A sober note from inside the boom

At China’s World Internet Conference, DeepSeek senior researcher Chen Deli warned that AI’s short-term utility could turn into sweeping job displacement within a decade, and broader social upheaval within two. He called on tech companies to act as “defenders.” That’s not a think-tank talking point; it’s coming from the group credited with shrinking the performance gap on open release schedules.

The timing is awkward. Just as the cost narrative flips, the social one darkens. Both can be true.

Limits and unknowns

Benchmarks can be gamed, and “agentic” tests vary in fidelity. Much of the score-keeping depends on publishers’ harnesses, not independent labs. The $4.6 million training figure is single-source. U.S. providers still lead on trust tooling, uptime, and global support. And the licensing clause, while mild, isn’t “pure” open source.

Still, the direction is unmistakable. Open weights are no longer a toy.

Why this matters

Open-weight models now threaten closed frontiers on capability and cost, forcing buyers to revisit long-term API dependencies and cloud budgets.
If hosting becomes the bottleneck, power shifts from model trainers to whoever can deliver fast, reliable agentic inference at scale.

❓ Frequently Asked Questions

Q: What does the modified MIT license actually mean for my company?

A: You can use K2 Thinking freely for commercial purposes. Only if you hit 100 million monthly active users or $20 million monthly revenue must you display "Kimi K2" in your interface. For 99.9% of companies, it works exactly like standard MIT licensing.

Q: Can this really run on Mac Studios? How much hardware do I need?

A: Yes. The INT4 quantized version is 594GB. Developer Awni Hannun demonstrated it running on two M3 Ultra Mac Studios at 15 tokens/second. For comparison, GPT-5-class models typically need server clusters. Enterprise deployments would still use proper servers for speed.

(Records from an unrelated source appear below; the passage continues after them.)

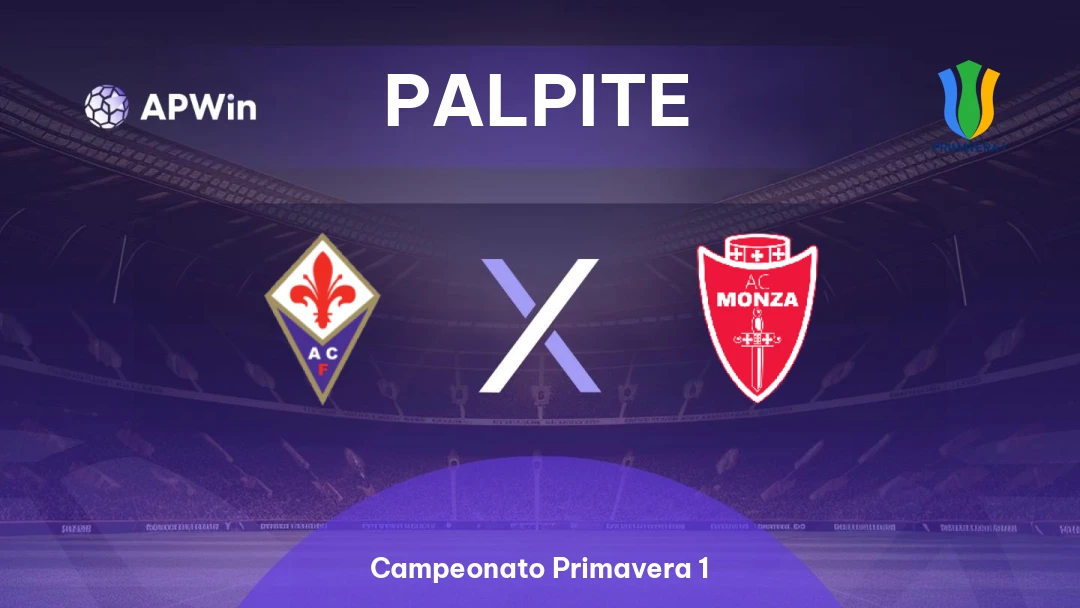 Fiorentina Sub-20 x Monza Sub-20 Thumbnail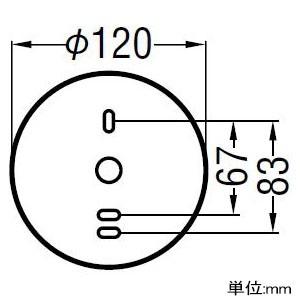コイズミ照明 LEDブラケットライト シャビリア LEDランプ交換可能型 白熱球40W相当 電球色 4.0W 口金E17 AB42141L_2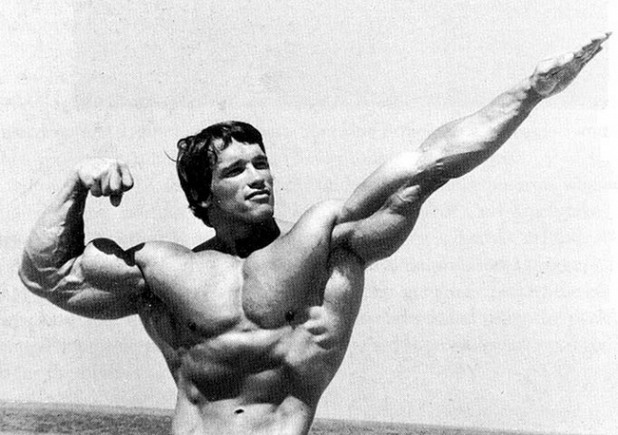 арнолд шварценегер арнолд шварценегер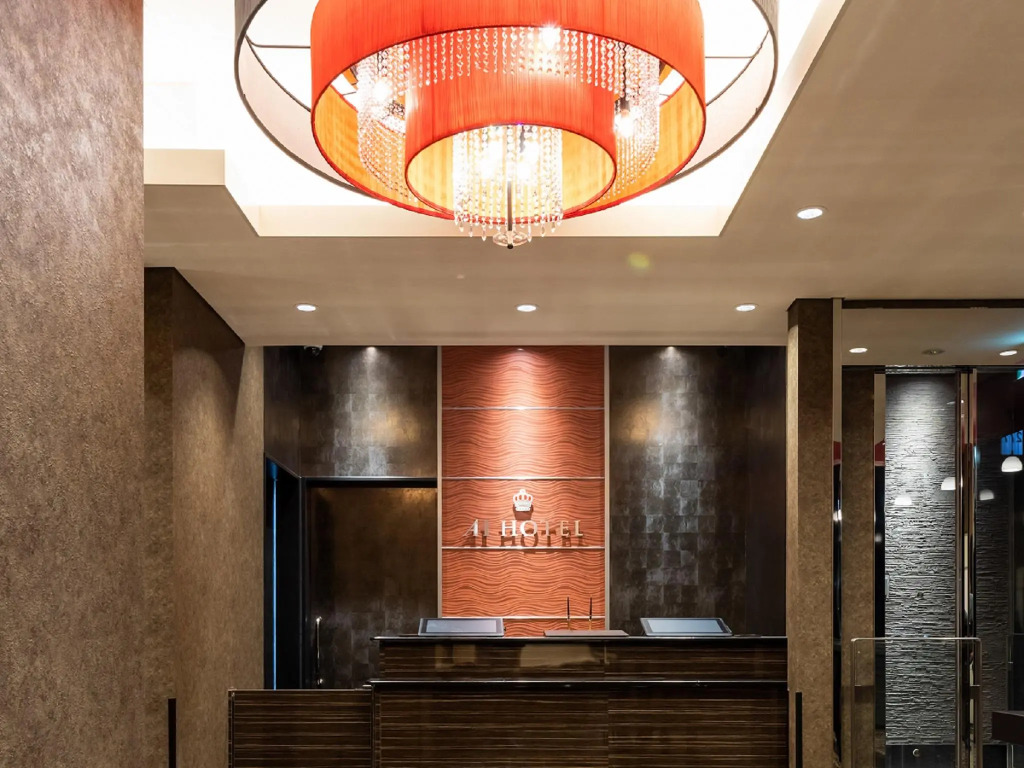 AIHOTEL Keikyukamata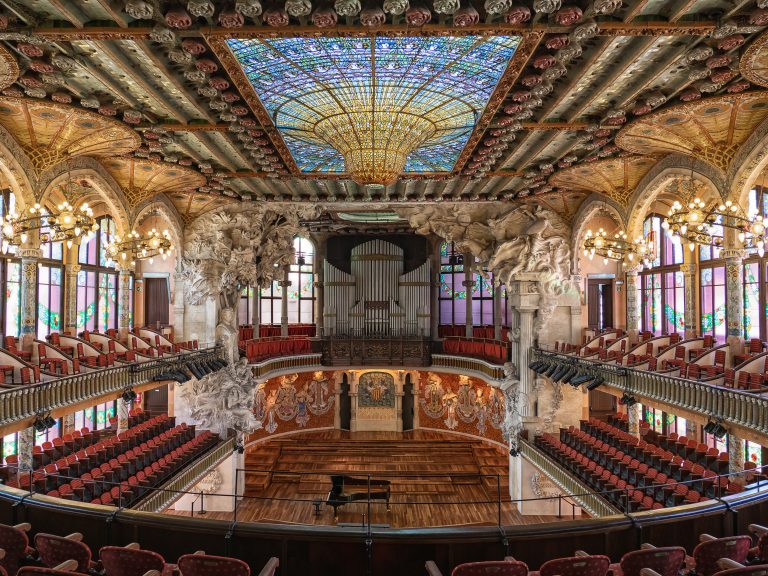 Palau de la Música: Where Music and Culture Come to Life in Barcelona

Q: What does "200-300 sequential tool calls" mean in practice?

A: The model can autonomously chain actions like searching web, reading documents, running calculations, and synthesizing results without stopping for human input. Think: "research this topic" becomes search → analyze 20 sources → compile report → format output, all automatic.

Q: Who are the "AI Tigers" and why do they matter?

A: China's six leading AI companies: DeepSeek, Moonshot, Qwen (Alibaba), MiniMax, Zhipu, and 01.ai. They've gone from unknown to matching OpenAI in under two years. DeepSeek started the trend, now they're all releasing frontier models monthly while US labs take quarters.

Q: How exactly does K2's pricing compare to GPT-5 for a typical workload?

A: For 10 million tokens monthly (typical enterprise usage): K2 costs $6 input + $25 output = $31. GPT-5 costs $12.50 input + $100 output = $112.50. That's 72% cheaper, or you can self-host K2 for just infrastructure costs.